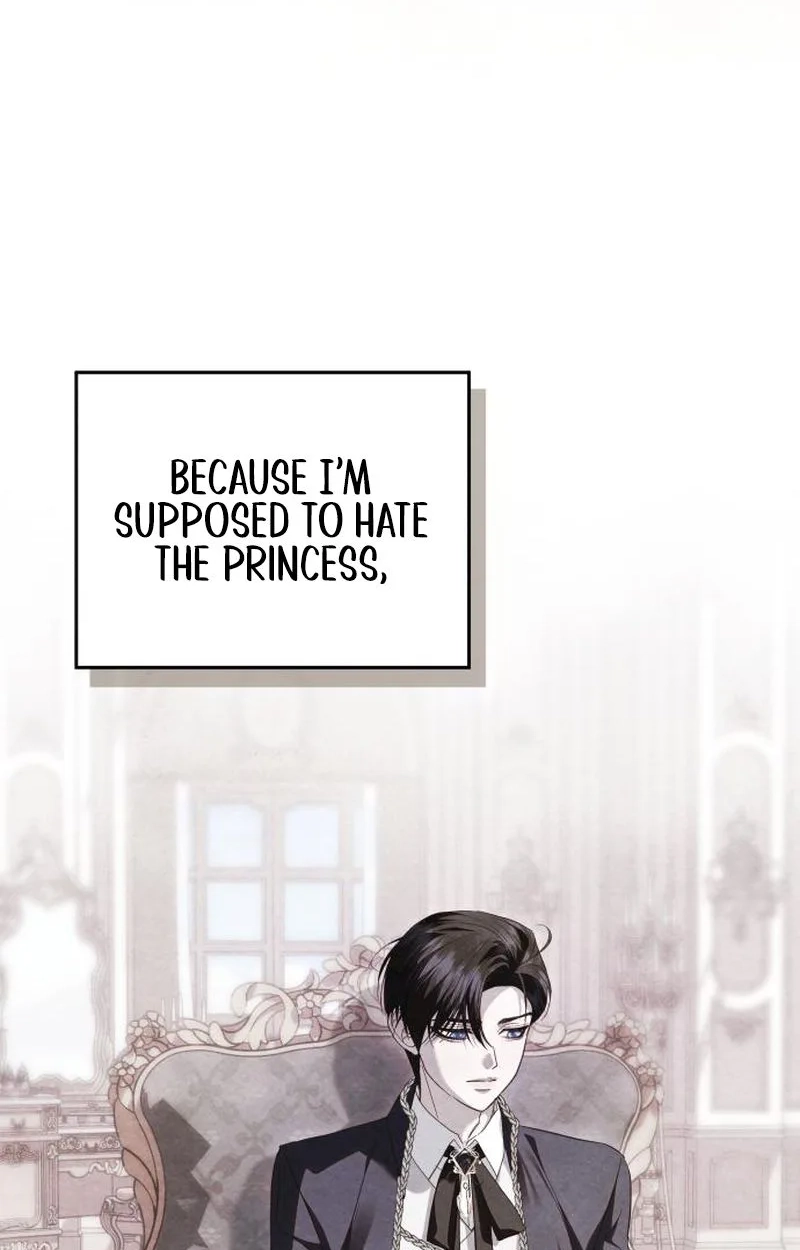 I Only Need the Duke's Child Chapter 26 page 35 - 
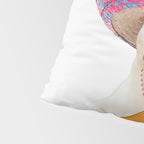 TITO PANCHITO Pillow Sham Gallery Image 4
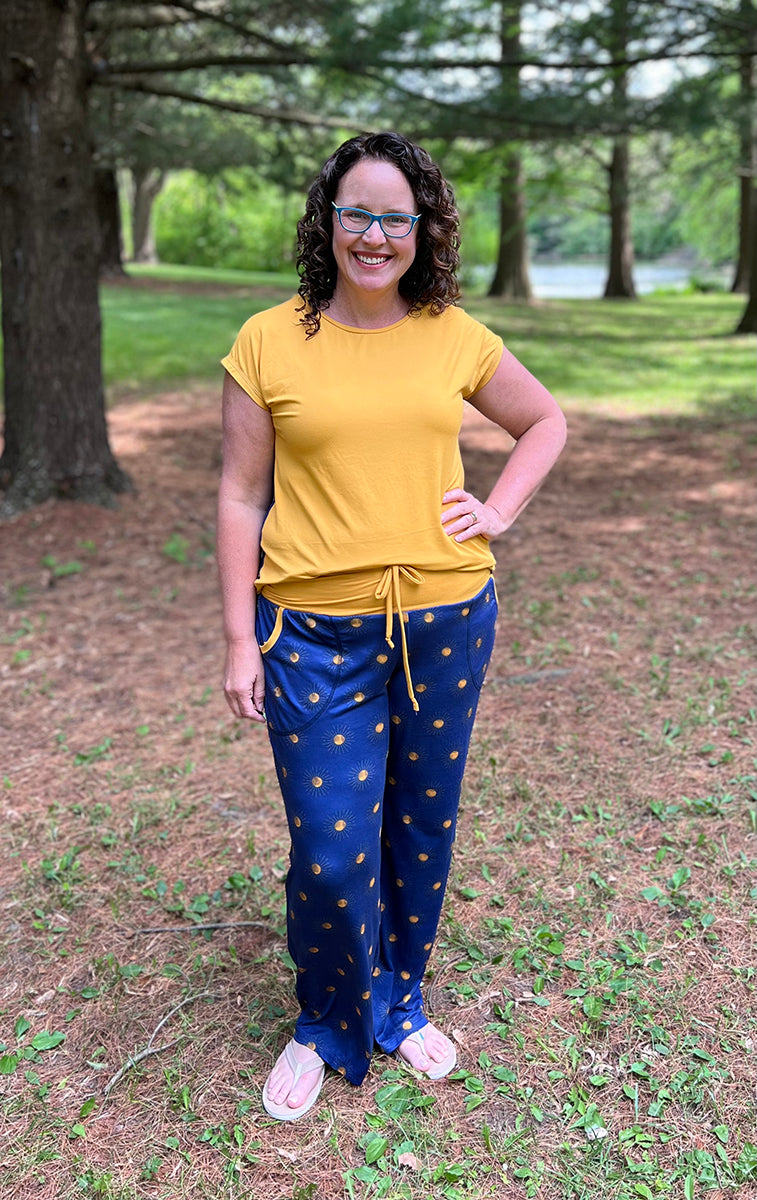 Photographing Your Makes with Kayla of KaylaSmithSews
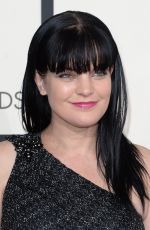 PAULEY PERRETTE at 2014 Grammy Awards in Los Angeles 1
····················
# [PROBLEM STATEMENT]
Leaving every picture out, output the data exactly as it stands.

# [OUTPUT OF THE EXERCISE]
 I Only Need the Duke's Child Chapter 26 page 35 - 
 TITO PANCHITO Pillow Sham Gallery Image 4
 Photographing Your Makes with Kayla of KaylaSmithSews
 PAULEY PERRETTE at 2014 Grammy Awards in Los Angeles 1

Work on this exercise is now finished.